Religion | Graham Hancock’s religion
Man, the comet, and Atlantis.
Graham Hancock is a popular author and journalist whose work concentrates on finding evidence from archeological sites around the world that suggests, following a great cataclysm, probably a comet or meteor impact, thousands of years ago that a greatly advanced civilisation – perhaps the fabled Atlantis – was destroyed. The survivors of this cataclysm spread out across the world and ended up living with hunter-gatherer communities, since hunter-gatherers, being primitively robust, could deal with the chaos caused by the impact more easily than people involved in a more technologically advanced society. Hancock reasons that if a similar cataclysm happened today the only people equipped to be self-sufficient are hunter-gatherers. Advanced technological civilisation would probably go to the wall.
This explains, according to Hancock, why primitive human communities seemed to make great leaps forward at about the same time in deep history. They may have received knowledge or technical advice from the survivors of the advanced technological society. While this advice was not complete (how many of us could invent electricity from scratch?), it was enough to help the primitives develop innovations like agriculture and, perhaps, explains the building of the pyramids and sites like Göbekli Tepe in Turkey.

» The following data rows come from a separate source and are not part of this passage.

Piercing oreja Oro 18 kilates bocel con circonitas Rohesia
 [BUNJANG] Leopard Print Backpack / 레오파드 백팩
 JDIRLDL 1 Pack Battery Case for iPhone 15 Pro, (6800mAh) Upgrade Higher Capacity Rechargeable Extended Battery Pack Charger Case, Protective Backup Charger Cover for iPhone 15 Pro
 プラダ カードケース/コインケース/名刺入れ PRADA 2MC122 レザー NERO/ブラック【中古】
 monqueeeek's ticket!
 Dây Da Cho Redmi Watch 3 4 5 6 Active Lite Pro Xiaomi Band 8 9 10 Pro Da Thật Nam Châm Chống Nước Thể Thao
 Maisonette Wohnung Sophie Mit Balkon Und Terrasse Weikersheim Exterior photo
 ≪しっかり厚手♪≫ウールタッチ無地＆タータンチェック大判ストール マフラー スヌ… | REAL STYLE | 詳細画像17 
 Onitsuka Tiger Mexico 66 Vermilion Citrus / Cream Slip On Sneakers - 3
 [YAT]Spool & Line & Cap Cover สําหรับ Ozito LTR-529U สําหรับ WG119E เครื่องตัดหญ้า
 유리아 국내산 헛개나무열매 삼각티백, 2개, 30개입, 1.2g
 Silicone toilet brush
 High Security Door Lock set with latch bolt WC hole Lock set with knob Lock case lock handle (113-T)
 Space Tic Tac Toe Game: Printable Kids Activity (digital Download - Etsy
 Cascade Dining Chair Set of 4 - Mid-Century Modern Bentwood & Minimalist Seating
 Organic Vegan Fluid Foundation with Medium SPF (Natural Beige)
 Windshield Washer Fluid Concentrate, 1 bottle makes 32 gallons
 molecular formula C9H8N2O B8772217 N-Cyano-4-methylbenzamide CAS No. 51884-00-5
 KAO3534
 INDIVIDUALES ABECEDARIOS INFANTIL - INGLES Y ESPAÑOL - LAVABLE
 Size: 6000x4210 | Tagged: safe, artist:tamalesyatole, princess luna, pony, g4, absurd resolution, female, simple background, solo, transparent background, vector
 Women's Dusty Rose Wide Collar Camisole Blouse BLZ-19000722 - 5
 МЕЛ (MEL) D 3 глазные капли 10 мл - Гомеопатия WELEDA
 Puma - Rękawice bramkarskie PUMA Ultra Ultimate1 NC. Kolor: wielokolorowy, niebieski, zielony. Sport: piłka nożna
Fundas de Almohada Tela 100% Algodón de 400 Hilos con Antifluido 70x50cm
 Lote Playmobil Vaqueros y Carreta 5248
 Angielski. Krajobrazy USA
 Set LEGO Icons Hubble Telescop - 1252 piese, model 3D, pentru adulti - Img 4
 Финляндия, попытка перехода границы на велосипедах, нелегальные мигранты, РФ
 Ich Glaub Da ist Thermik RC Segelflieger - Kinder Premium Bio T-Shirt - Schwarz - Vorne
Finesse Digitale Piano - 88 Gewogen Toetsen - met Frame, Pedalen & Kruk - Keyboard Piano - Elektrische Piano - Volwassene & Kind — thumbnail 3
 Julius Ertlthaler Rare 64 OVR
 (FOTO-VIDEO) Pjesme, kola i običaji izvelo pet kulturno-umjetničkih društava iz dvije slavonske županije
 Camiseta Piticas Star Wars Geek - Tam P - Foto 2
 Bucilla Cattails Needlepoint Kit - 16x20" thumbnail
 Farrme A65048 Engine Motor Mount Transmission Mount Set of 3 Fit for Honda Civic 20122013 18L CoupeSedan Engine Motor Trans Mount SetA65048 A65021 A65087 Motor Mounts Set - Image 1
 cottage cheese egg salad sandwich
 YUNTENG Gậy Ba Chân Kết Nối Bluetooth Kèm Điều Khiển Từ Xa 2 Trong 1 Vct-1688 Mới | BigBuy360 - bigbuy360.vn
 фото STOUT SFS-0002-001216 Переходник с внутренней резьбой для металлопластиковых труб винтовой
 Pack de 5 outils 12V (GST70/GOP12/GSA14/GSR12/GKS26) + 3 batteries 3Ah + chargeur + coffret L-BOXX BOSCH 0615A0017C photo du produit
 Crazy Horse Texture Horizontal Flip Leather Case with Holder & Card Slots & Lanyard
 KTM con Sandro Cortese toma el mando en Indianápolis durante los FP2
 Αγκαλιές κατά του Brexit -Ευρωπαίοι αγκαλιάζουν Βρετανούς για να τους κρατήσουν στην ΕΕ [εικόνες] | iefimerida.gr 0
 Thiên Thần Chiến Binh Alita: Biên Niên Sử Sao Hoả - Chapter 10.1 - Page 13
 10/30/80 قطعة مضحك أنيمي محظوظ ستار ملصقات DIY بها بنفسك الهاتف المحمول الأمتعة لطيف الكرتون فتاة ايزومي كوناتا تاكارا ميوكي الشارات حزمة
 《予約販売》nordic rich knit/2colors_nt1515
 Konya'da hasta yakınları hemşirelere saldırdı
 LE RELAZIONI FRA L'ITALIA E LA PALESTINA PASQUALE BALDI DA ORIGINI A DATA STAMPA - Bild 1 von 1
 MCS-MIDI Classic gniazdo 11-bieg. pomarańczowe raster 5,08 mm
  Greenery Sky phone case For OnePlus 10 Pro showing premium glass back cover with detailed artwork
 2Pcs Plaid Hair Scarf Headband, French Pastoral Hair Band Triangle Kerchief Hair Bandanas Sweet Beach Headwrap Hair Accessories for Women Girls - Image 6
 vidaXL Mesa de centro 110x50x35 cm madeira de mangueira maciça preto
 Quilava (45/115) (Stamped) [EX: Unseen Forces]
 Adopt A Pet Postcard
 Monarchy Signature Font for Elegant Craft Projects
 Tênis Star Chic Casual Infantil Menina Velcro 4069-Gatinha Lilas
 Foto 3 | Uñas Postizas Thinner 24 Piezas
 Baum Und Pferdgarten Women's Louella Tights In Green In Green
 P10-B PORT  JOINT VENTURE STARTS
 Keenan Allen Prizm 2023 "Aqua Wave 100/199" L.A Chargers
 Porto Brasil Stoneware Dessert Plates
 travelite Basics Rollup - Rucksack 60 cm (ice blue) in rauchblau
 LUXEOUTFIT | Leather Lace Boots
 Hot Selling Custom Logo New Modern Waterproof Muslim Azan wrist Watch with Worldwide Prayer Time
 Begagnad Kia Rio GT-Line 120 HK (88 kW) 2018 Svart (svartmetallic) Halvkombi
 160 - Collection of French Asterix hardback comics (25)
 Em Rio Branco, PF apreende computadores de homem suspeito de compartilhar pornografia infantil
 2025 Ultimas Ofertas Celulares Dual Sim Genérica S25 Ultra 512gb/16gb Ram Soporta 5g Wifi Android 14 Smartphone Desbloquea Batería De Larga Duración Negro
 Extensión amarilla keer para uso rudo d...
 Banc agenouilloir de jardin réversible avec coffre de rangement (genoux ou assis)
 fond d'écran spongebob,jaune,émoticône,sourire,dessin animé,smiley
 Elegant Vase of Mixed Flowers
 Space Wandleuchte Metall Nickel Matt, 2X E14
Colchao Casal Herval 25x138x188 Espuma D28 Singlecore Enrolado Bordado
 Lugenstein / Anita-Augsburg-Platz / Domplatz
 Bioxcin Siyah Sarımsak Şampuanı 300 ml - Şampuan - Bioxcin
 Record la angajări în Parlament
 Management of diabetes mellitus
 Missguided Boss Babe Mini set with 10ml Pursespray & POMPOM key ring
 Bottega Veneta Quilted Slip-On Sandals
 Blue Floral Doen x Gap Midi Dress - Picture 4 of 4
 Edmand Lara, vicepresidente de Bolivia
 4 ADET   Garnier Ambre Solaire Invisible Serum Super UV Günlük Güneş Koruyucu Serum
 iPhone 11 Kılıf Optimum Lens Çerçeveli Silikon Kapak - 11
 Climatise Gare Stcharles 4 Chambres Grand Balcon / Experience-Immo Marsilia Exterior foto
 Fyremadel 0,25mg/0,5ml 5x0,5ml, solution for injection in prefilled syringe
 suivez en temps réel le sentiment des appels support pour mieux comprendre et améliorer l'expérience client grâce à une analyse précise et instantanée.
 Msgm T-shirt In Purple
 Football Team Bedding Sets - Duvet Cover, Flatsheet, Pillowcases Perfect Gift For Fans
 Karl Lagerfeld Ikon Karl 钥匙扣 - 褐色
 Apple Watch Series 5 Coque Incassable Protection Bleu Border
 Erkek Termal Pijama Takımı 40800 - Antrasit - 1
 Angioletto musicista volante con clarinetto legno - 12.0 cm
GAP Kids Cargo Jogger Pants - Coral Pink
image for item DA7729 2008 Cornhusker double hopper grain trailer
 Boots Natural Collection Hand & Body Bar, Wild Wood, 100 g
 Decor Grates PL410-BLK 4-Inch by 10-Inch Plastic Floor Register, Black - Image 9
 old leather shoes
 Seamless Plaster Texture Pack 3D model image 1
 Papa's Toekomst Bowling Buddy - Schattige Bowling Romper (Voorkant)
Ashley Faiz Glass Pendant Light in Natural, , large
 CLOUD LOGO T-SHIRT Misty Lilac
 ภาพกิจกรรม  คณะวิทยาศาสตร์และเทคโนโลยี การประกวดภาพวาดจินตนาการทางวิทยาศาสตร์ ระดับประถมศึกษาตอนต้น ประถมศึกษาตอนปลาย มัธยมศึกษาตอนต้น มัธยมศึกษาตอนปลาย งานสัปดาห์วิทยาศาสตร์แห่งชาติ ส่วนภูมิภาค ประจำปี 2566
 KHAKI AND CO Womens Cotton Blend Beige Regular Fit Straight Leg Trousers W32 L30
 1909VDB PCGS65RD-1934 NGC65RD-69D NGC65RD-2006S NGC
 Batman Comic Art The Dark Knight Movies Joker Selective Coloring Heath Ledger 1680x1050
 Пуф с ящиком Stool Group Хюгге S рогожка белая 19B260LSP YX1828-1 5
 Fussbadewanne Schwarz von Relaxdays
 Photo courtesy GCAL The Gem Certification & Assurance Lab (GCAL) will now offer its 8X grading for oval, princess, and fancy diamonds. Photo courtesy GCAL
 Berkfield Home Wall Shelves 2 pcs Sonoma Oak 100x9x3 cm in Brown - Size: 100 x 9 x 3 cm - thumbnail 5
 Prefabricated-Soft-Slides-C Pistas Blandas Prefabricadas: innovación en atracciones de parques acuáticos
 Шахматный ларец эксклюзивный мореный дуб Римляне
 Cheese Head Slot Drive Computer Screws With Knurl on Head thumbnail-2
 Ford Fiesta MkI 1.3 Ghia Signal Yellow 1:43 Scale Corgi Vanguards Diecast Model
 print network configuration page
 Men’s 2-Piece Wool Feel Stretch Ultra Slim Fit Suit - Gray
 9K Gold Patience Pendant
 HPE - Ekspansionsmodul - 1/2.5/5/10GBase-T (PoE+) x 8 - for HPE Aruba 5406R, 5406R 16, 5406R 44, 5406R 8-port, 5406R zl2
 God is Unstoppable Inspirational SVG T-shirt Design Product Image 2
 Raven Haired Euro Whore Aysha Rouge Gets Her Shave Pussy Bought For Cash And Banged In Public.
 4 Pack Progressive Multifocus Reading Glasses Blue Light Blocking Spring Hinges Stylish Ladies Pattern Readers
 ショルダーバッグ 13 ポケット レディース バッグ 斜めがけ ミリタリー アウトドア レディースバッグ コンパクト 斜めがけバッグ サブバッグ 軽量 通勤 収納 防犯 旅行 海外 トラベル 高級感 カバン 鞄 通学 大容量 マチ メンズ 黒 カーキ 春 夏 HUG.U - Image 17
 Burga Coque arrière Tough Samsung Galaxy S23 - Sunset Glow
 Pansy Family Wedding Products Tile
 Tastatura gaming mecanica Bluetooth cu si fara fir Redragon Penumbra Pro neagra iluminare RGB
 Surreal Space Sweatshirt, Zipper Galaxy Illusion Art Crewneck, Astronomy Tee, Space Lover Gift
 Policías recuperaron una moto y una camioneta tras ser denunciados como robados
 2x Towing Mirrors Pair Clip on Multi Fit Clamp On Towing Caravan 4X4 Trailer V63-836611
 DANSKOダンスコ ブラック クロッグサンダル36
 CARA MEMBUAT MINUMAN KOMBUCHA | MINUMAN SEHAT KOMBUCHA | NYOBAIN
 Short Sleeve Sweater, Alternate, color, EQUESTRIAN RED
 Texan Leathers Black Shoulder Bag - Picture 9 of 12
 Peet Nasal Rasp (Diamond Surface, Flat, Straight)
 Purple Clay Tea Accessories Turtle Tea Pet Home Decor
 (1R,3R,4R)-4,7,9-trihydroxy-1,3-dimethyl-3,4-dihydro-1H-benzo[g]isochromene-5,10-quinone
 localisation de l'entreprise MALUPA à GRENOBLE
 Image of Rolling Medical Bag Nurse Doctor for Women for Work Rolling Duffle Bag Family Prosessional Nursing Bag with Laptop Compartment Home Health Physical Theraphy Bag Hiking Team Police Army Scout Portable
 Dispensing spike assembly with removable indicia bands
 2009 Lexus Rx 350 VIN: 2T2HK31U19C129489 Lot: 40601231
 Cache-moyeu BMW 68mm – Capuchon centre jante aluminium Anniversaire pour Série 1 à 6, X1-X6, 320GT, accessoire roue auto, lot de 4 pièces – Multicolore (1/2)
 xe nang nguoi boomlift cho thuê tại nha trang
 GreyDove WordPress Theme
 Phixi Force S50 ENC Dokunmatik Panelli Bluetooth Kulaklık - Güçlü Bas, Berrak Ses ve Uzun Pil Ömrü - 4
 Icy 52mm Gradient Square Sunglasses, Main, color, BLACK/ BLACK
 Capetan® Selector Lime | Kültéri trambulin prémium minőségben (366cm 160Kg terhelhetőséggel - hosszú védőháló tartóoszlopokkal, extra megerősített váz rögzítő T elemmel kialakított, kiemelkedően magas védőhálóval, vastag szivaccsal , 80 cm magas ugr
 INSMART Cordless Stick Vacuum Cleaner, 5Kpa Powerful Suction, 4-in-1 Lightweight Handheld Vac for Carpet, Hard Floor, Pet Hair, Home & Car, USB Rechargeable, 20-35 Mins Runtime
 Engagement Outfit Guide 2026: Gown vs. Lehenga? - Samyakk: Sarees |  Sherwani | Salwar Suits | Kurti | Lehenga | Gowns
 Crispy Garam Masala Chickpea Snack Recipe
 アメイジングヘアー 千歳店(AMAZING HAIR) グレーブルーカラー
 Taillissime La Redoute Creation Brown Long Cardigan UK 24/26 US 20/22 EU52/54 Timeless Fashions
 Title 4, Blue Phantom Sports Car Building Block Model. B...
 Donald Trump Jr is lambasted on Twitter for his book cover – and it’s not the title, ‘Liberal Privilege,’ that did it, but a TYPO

The mythological and moral story that Hancock conveys through his factual account is that man will be punished for his wickedly greedy and exploitative technological ways by a comet or meteor impact that, despite all his advanced technology, he will be unable to anticipate or deal with. Hancock comes as a prophet to warn us to mend our ways, spend money on comet detection instead of warfare, and to reconnect us to a wider consciousness of the Earth through psychedelics – particularly South America’s “mother ayahuasca”. Indeed, he hints that primitive peoples use these psychedelics to access a power and deeper understanding of the world that has been lost to us.
If we heed Hancock, then we will give all our resources to a new psychedelically empowered non-hierarchical and democratic priesthood who, by reducing our high technology society to a less hubristic level and redirecting its focus, will allow us to survive any future impact from outer space.
We must change our direction or else we will suffer the fate of Atlantis.
This is the essence of the message Hancock brings.
This is a religion, not a scientific or historical theory. This doesn’t mean it is untrue, though I don’t think it is very likely to be true – precisely because it recapitulates a mode of thought that is very common in human history.
The moral and mythological message about the collapse of civilisations, the wisdom of nature, and the destructive greediness of the Western world is the real thrust of Hancock’s work. So it is pointless to ask, as sceptics and scientists do, whether the evidence Hancock produces conforms to the scientific method or activities of mainstream archeology. The point of Hancock’s work is to generate a sense of wonder and also to chastise us for the way we live now. He is delivering a modern sermon for people who can no longer believe in God as conceptualised in the Abrahamic religions.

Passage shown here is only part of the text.